Conflicts of Interest and Source of Funding: Supported in part by the Cancer Center Support Grant of the National Institutes of Health/National Cancer Institute under award number P30CA008748 and Cycle for Survival. The authors have disclosed that they have no significant relationships with, or financial interest in, any commercial companies pertaining to this article.

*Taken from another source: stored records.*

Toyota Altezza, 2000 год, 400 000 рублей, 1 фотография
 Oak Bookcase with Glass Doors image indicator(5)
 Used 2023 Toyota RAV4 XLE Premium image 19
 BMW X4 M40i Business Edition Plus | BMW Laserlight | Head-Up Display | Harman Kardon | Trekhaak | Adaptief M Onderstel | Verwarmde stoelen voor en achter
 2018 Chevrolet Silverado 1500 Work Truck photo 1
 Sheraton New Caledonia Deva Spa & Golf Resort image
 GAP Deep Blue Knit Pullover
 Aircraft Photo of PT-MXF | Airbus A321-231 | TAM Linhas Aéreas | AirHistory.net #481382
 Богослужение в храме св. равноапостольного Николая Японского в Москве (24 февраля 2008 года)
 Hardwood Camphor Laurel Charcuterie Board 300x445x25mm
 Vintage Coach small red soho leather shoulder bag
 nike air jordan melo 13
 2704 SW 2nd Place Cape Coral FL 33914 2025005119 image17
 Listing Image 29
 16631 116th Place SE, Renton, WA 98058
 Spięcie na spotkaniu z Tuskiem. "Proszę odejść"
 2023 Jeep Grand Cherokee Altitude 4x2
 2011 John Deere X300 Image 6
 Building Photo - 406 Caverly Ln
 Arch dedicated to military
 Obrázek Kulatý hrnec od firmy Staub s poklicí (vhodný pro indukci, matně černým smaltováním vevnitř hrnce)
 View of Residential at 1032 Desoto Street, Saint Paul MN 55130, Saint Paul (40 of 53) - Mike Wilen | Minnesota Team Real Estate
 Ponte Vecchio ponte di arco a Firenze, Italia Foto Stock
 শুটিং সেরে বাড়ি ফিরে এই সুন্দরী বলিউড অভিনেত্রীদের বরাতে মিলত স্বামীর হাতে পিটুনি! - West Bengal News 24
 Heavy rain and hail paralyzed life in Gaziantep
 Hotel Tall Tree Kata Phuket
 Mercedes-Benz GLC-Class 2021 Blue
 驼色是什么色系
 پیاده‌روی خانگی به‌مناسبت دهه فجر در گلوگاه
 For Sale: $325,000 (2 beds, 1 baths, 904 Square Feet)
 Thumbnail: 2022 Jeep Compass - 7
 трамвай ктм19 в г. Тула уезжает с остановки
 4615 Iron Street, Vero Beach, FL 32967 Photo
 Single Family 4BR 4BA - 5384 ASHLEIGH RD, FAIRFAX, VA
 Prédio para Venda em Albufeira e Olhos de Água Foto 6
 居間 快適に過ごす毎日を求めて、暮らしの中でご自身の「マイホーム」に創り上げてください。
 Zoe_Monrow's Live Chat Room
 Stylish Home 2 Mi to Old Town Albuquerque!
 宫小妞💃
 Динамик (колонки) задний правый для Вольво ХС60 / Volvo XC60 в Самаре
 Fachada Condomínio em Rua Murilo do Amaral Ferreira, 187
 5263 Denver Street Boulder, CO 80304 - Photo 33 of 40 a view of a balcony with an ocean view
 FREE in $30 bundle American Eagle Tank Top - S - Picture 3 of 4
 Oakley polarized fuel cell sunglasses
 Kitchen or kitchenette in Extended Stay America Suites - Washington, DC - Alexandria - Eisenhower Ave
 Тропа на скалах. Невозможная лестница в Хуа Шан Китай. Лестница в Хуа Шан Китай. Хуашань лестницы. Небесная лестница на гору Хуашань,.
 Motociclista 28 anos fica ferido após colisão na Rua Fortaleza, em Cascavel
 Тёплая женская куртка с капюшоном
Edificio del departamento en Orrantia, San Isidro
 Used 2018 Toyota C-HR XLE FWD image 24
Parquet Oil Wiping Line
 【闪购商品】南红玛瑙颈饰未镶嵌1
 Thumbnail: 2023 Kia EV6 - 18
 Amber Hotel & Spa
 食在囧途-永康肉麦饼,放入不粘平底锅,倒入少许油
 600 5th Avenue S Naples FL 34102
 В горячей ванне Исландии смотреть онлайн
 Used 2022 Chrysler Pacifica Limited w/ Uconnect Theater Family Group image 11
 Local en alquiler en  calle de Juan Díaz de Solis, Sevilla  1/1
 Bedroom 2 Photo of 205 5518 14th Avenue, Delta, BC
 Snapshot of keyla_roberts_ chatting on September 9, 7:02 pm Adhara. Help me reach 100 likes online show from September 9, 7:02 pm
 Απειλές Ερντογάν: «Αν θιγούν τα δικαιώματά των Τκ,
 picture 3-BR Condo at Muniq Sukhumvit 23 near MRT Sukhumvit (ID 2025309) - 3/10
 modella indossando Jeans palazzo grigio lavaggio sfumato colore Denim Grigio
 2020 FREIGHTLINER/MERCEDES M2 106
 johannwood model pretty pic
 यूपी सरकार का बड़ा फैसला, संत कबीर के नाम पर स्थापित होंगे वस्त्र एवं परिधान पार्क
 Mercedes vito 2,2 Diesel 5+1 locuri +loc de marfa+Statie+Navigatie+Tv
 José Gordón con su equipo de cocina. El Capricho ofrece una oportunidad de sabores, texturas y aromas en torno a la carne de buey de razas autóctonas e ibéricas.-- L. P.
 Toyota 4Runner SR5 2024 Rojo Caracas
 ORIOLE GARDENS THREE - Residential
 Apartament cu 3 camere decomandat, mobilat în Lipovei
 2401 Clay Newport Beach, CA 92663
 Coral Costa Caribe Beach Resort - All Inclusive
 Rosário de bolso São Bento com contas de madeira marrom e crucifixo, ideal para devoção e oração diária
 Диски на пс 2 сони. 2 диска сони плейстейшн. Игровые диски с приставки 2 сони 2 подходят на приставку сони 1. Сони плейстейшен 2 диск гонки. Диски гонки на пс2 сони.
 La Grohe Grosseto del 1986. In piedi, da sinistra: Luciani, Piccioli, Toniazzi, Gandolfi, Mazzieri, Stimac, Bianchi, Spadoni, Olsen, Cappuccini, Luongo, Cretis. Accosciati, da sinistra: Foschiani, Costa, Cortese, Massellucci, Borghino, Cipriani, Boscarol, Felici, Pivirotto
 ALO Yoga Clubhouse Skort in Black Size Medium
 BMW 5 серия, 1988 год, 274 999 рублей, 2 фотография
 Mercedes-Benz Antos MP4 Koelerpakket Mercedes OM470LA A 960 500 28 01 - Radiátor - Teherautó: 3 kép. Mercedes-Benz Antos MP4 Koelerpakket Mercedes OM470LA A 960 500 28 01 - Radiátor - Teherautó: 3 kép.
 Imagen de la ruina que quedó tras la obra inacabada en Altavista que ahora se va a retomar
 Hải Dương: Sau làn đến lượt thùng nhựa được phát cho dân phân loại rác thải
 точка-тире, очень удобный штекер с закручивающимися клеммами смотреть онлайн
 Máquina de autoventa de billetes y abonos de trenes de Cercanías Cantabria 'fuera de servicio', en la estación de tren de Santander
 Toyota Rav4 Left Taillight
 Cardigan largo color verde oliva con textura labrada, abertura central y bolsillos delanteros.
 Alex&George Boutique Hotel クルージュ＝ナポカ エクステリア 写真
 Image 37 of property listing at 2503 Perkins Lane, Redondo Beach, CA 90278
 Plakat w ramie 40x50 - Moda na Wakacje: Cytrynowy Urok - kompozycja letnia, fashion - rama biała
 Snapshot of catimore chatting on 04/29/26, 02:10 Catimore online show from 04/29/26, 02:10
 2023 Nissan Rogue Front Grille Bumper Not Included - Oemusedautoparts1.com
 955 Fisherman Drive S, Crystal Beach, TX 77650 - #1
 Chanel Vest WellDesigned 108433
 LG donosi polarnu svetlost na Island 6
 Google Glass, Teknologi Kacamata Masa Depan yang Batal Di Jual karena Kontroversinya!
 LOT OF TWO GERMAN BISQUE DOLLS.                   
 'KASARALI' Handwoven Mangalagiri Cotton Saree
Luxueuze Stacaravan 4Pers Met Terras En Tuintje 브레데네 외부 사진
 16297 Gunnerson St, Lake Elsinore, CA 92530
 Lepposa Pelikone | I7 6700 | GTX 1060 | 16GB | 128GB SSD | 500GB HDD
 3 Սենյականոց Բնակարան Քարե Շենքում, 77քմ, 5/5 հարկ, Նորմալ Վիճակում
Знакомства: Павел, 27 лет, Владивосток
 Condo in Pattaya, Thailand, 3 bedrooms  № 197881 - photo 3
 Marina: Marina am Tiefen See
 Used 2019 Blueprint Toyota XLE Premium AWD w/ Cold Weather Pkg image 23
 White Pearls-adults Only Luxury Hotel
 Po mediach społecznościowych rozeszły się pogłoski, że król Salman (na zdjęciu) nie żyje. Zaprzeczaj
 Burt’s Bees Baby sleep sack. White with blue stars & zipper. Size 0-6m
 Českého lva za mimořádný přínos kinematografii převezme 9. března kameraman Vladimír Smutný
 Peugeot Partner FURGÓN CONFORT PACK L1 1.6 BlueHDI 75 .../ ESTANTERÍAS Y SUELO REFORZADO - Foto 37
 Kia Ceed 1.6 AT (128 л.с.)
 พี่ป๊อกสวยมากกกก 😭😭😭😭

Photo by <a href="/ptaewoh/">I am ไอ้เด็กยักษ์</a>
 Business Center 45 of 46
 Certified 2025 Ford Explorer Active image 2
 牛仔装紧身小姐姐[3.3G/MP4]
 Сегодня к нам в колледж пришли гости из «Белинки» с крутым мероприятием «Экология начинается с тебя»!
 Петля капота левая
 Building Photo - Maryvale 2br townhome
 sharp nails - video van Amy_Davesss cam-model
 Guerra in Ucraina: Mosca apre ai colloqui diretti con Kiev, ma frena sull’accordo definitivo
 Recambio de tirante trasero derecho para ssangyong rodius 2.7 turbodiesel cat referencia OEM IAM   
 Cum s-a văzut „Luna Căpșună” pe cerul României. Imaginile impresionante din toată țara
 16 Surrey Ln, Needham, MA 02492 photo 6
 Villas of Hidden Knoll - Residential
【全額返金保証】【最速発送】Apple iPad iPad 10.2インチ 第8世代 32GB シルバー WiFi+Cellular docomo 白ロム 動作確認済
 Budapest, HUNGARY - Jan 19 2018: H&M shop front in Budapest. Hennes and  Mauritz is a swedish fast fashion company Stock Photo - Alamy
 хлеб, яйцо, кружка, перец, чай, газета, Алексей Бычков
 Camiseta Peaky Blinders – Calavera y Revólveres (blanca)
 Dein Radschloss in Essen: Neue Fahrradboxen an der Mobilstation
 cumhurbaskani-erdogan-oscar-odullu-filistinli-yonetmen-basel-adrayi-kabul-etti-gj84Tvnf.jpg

Correspondence: Carlie S. Sigel, MD, 1275 York Ave., New York, NY 10065 (e-mail: [email protected]).

Abstract

Intrahepatic cholangiocarcinomas are histologically heterogenous. Using a cohort of 184 clinically defined, resected intrahepatic cholangiocarcinomas, we retrospectively classified the histology into 4 subtypes: large duct (LD), small duct (SD) (predominantly tubular [SD1] or predominantly anastomosing/cholangiolar, [SD2]), or indeterminate. Then, we tested the 4 subtypes for associations with risk factors, patient outcomes, histology, and immunophenotypic characteristics. SD was the most common (84%; 24% SD1 and 60% SD2) with lower proportions of LD (8%), and indeterminate (8%). Primary sclerosing cholangitis was rare (2%), but correlated with LD (_P_=0.005). Chronic hepatitis, frequent alcohol use, smoking, and steatosis had no histologic association. LD was associated with mucin production (P<0.001), perineural invasion (_P_=0.002), CA19-9 staining (_P_<0.001), CK7+, CK19+, CD56− immunophenotype (_P_=0.005), and negative albumin RNA in situ hybridization (_P_<0.001). SD was histologically nodular (_P_=0.019), sclerotic (_P_<0.001), hepatoid (_P_=0.042), and infiltrative at the interface with hepatocytes (_P_<0.001). Albumin was positive in 71% of SD and 18% of LD (_P_=0.0021). Most albumin positive tumors (85%) lacked extracellular mucin (_P_<0.001). S100P expression did not associate with subtype (_P_>0.05). There was no difference in disease-specific or recurrence-free survival among the subtypes. Periductal infiltration and American Joint Committee on Cancer eighth edition pT stage predicted survival by multivariable analysis accounting for gross configuration, pT stage, and histologic type. pT2 had worse outcome relative to other pT stages. Significant differences in histology and albumin expression distinguish LD from SD, but there is insufficient evidence to support further subclassification of SD.